[[ Data in this exercise, beginning ]]
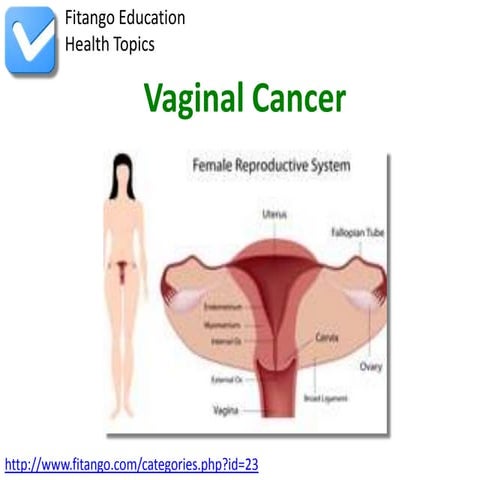 Vaginal Cancer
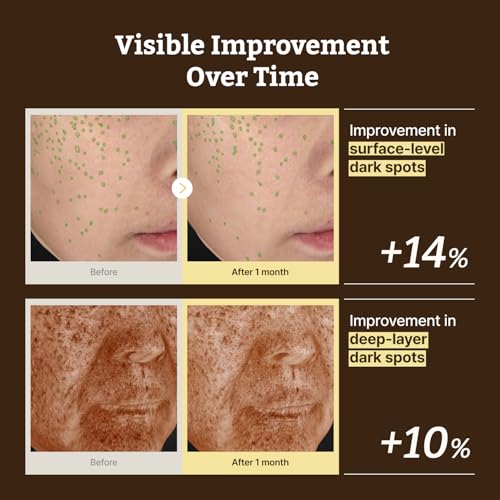 Ingrédients Niacinamide 10% et TXA 4% mis en avant par Dr Reju-All
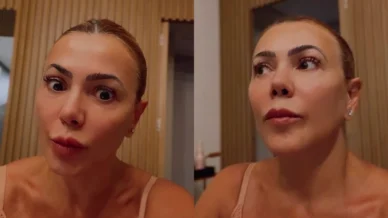 Ex-BBB fala sobre descoberta de cisto no cérebro: 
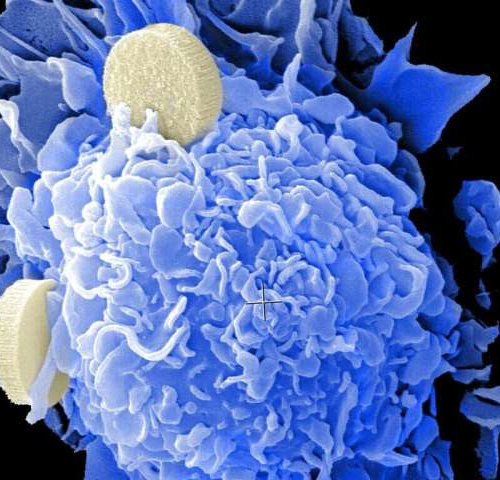 Small-molecule drug shows potential for hard to treat cancers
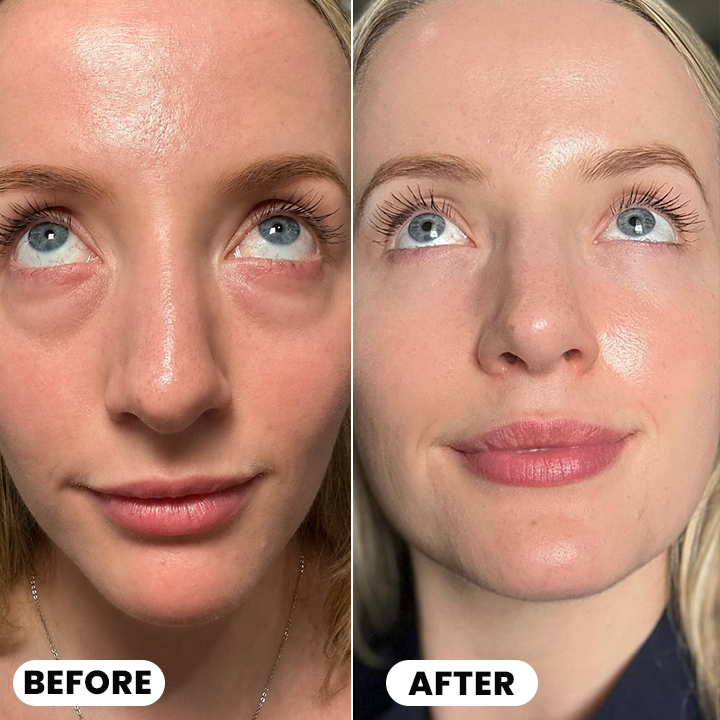 LIMETOW® Ultimate Depuff Eye Serum⚡Limited-Time Offer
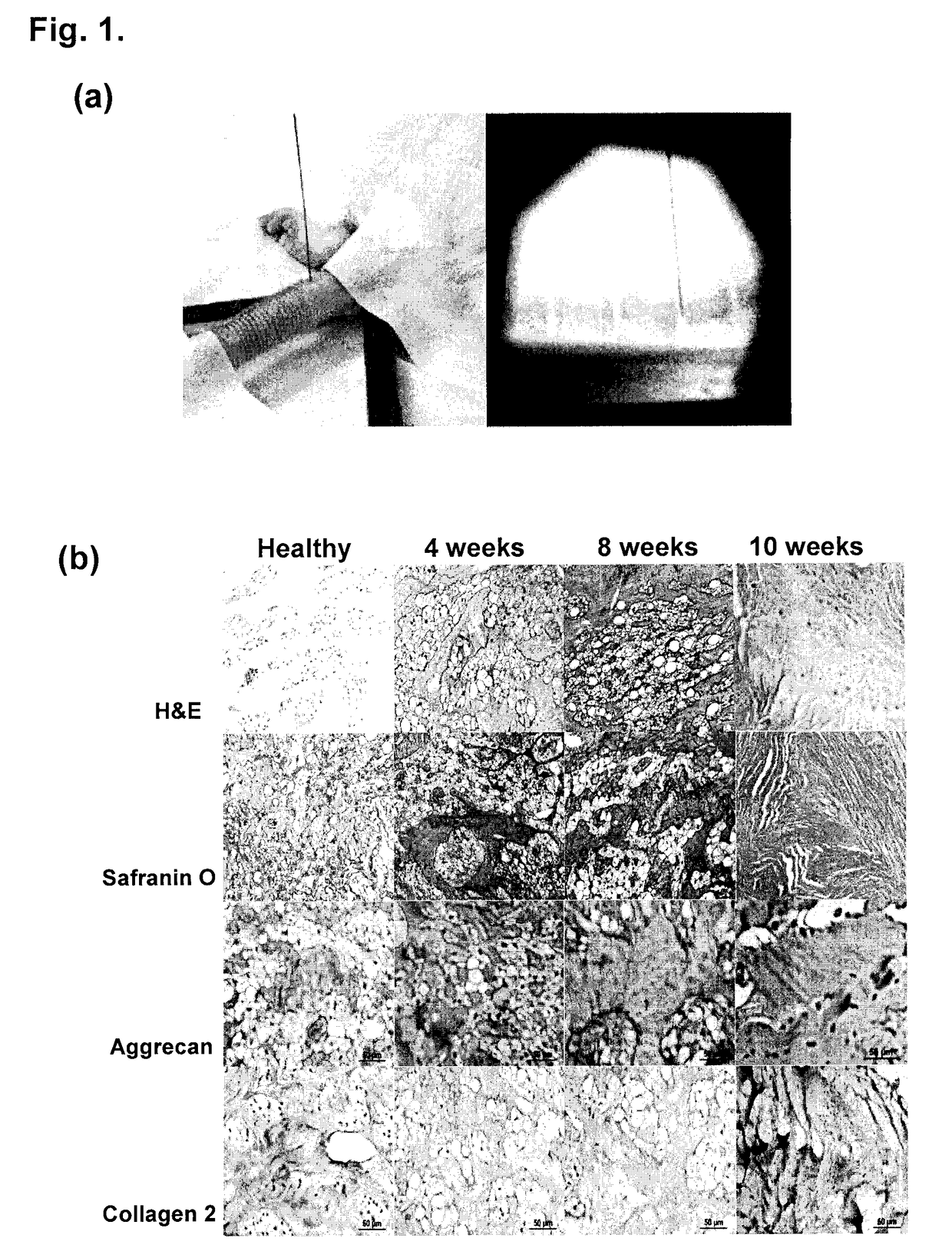 Compositions and methods comprising growth factors, chondroitin and glucosamine for degenerative disc regeneration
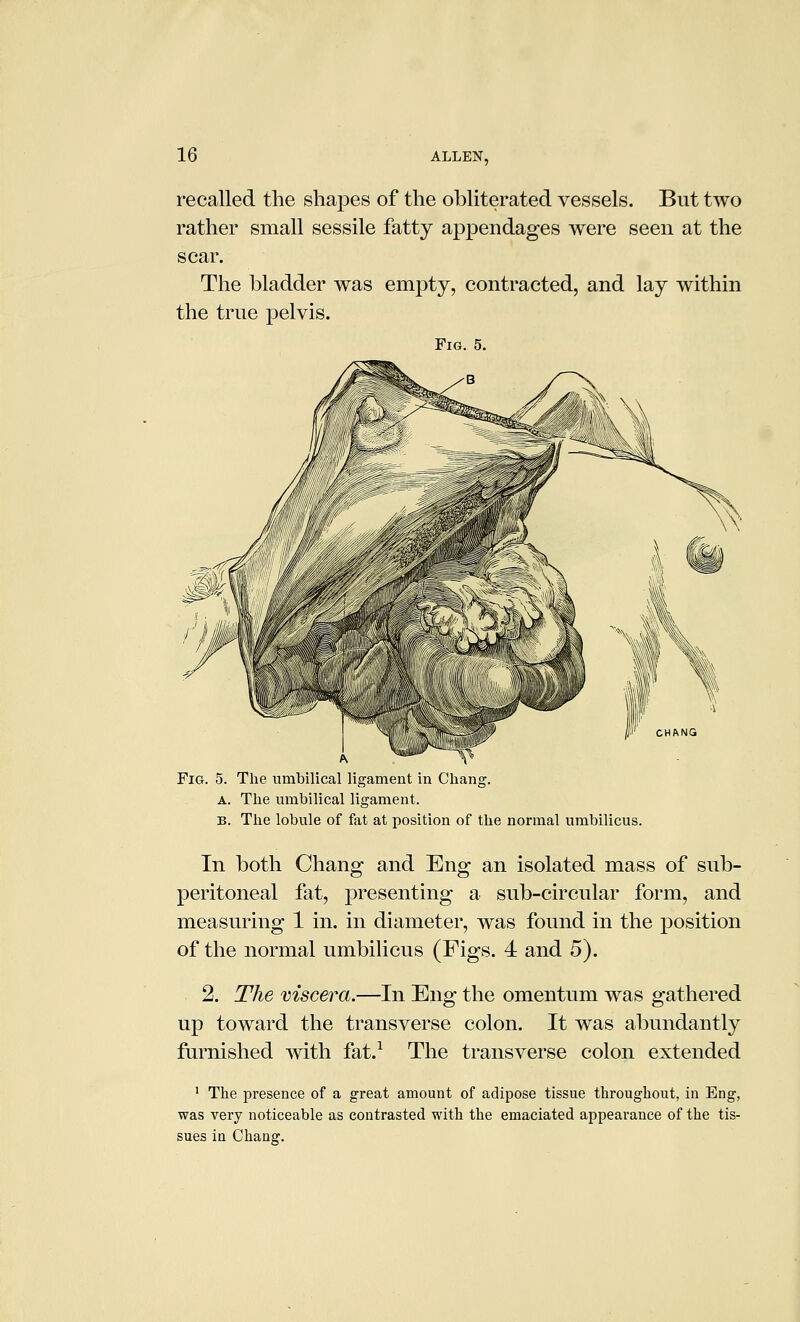 recalled the shapes of the obliterated vessels. But two rather small sessile fatty appendages were seen at the scar. The bladder was empty, contracted, and lay within the true pelvis. Fig. 5. ^ r^v^'A Fig. 5. The umbilical ligament in Chang. A. The mnbilical ligament. B. The lobule of fat at position of the normal umbilicus. In both Chang and Eng an isolated mass of sub- peritoneal fat, presenting a sub-circular form, and measuring 1 in. in diameter, was found in the position of the normal umbilicus (Figs. 4 and 5). 2. The viscera.—In Eng the omentum was gathered up toward the transverse colon. It was abundantly furnished with fat.^ The transverse colon extended • The presence of a great amount of adipose tissue throughout, in Eng, was very noticeable as contrasted with the emaciated appearance of the tis- sues in Chang.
[[ Data in this exercise, end ]]
• Task directions: Write out again exactly the lines from the start of the data above through the line containing "Compositions and methods", inclusive, excluding any pictures.

• Written answer:
 Vaginal Cancer
 Ingrédients Niacinamide 10% et TXA 4% mis en avant par Dr Reju-All
 Ex-BBB fala sobre descoberta de cisto no cérebro: 
 Small-molecule drug shows potential for hard to treat cancers
 LIMETOW® Ultimate Depuff Eye Serum⚡Limited-Time Offer
 Compositions and methods comprising growth factors, chondroitin and glucosamine for degenerative disc regeneration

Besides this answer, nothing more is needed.